[Data under study Boundary: Start]

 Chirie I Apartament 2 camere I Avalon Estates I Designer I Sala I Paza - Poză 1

[Data under study Boundary: End]
[Data under study Boundary: Start]

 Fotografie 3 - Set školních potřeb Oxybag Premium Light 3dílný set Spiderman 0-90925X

[Data under study Boundary: End]
[Data under study Boundary: Start]

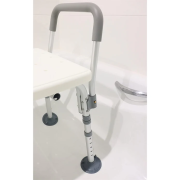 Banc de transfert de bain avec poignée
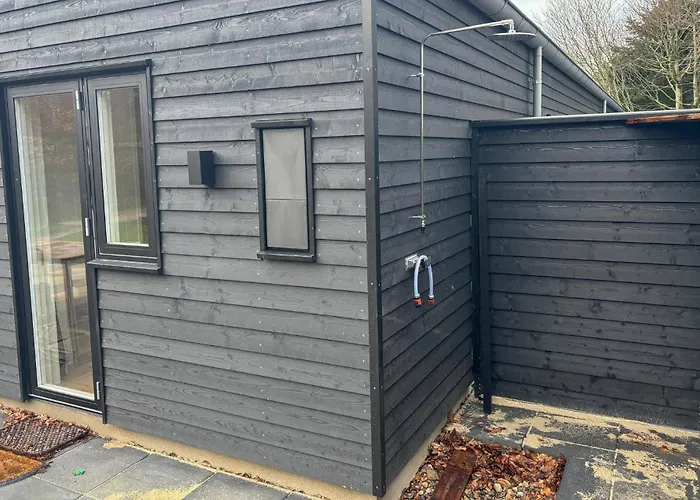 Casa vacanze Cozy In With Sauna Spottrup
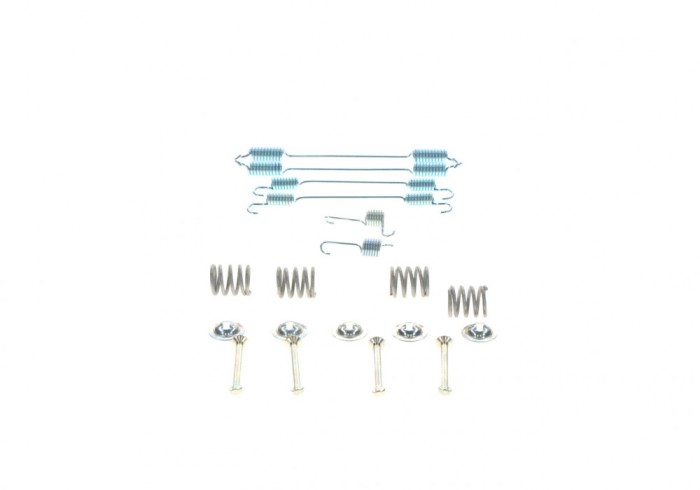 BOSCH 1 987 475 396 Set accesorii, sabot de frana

[Data under study Boundary: End]

## [Exercise prompt]
Precisely those lines above that run from the line with "Banc de transfert de bain avec poignée" up to and including the line with "BOSCH 1 987" are to be set down, with the pictures omitted.

## [Solution to this task]
 Banc de transfert de bain avec poignée
 Casa vacanze Cozy In With Sauna Spottrup
 BOSCH 1 987 475 396 Set accesorii, sabot de frana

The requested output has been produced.